Imteaz has already developed Stormkit, an internet-based tool that helps water managers and other users to analyse and design stormwater systems.
He is now developing a similar tool to help householders establish the rainfall capture capacity of their roofs that could also be available this year.
Imteaz is concerned that many urban rainwater tanks are half-empty, or worse: cannot hold any more water, just because there’s no simple tool to help people better match storage with catchment.
“House tanks are a good example,” Imteaz said. “People want to catch the stormwater collected on their own roofs, but tanks are often installed with little or no planning as to whether they are the right size. There are plenty of tanks which will never fill and there are plenty which are too small to capture all the water that is available.”
Using information such as contributing catchment size, tank volume, geographic location, weather conditions and the water’s intended use, Imteaz’s proposed calculation tool will determine the volume of water likely to be captured each year according to different rainfall scenarios.

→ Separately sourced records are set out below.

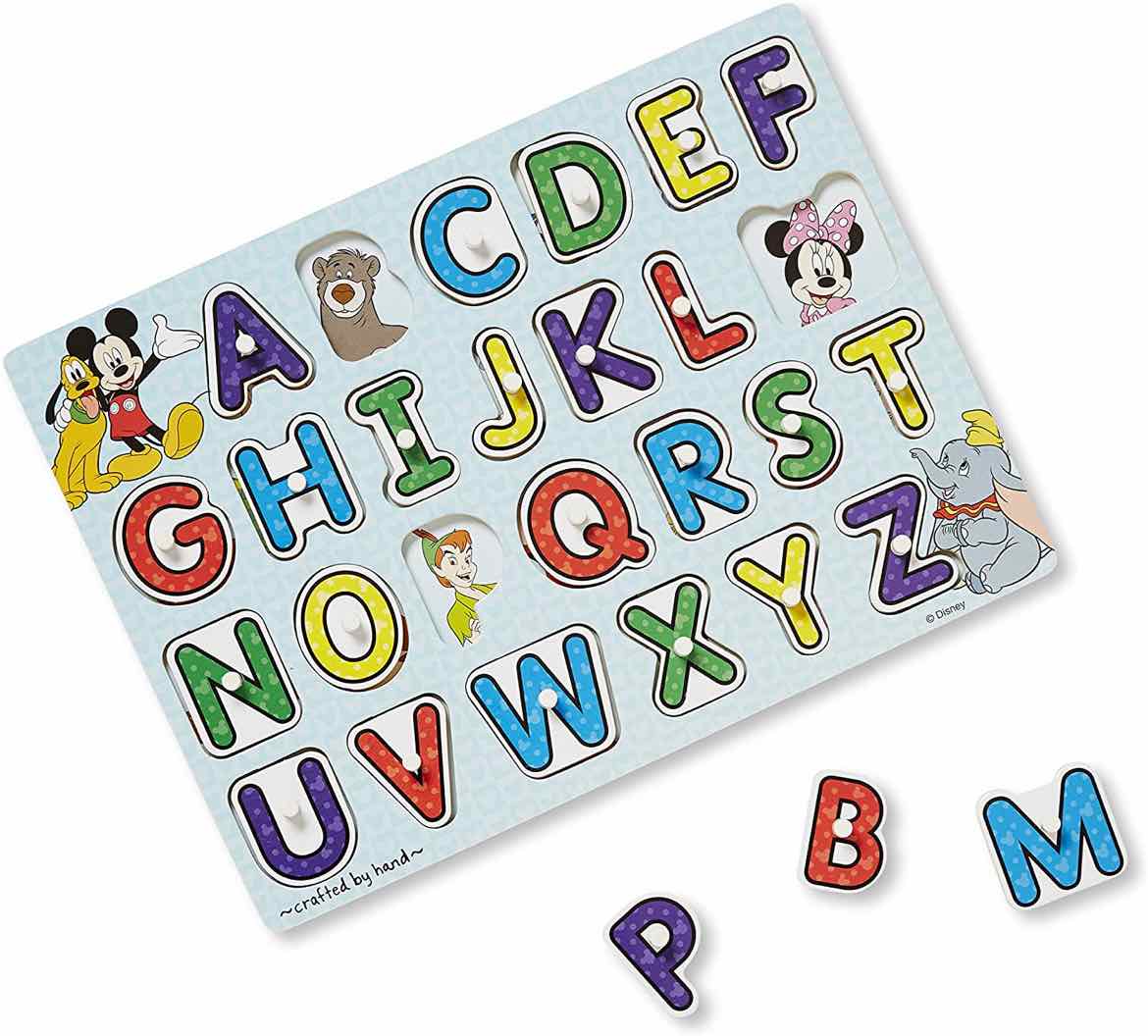 Melissa & Doug Disney Classics Wooden Alphabet Peg Puzzle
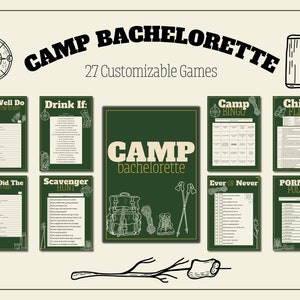 Juegos de despedida de soltera en el campamento Búsqueda del tesoro, juegos de despedida de soltera, bingo de despedida de soltera, despedida de soltera, juegos de despedida de soltera Paquete de juegos de despedida de soltera para acampar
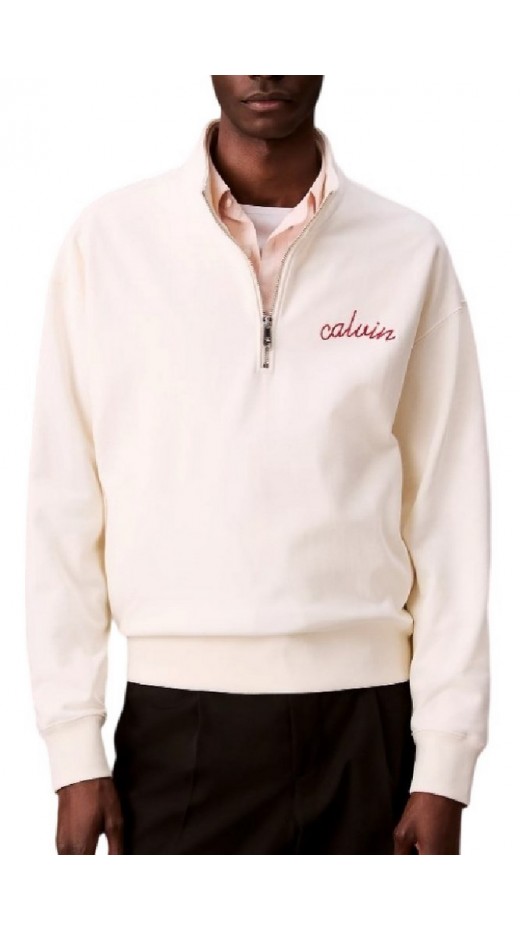 CALVIN KLEIN JEANS PRMM TRRY CHN STTCH ΜΠΛΟΥΖΑ ΦΟΥΤΕΡ ΑΝΔΡΙΚΗ OFF WHITE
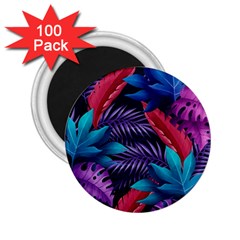 Background With Violet Blue Tropical Leaves 2 25  Magnets (100 Pack)  by Amaryn4rt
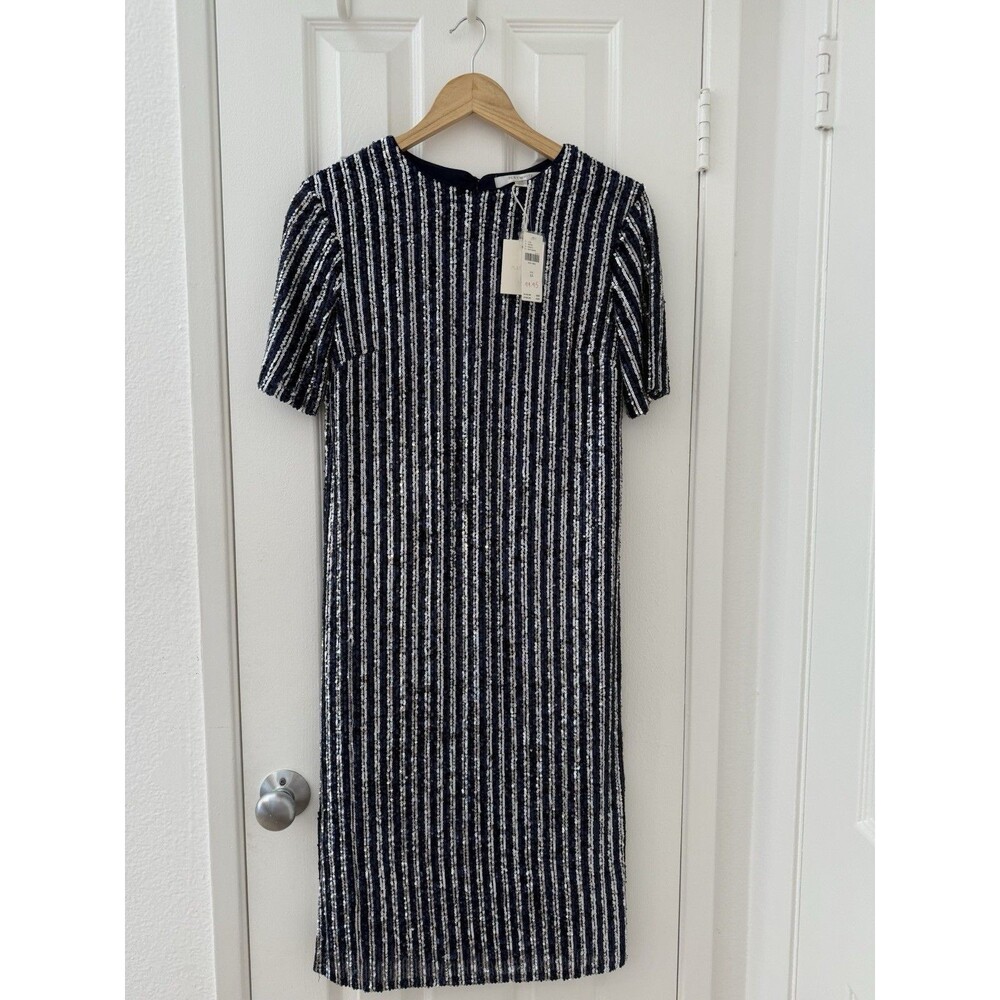 Anthropologie Flat White Short-Sleeve Sequin Stripe Midi Dress Size XS $148.00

Near his office on Swinburne’s Hawthorn campus are two large rainwater tanks with which Imteaz has put his theory to practice and established their effectiveness and payback period. Applying his calculations to the capture area, he was able to measure by how much one tank was far too large to readily fill, and to the extent the other was too small to capture all available rainfall.
Based on an average and worst-case rainfall scenario, Imteaz found the smaller tank connected to the larger roof area would save $110,000 worth of water over three years, covering the cost of its construction. The other, larger tank (connected to a smaller roof area) would take 10.5 average of 18.5 worst-case years to pay off.
The point Imteaz makes is that better analysis and design before constructing such facilities would significantly improve their cost benefit and effectiveness.
Initially, the proposed tool is for stormwater-capturing analysis for impervious roofs only. But, by incorporating soil-loss parameters, it can be extended for pervious surfaces such as golf courses and playing fields.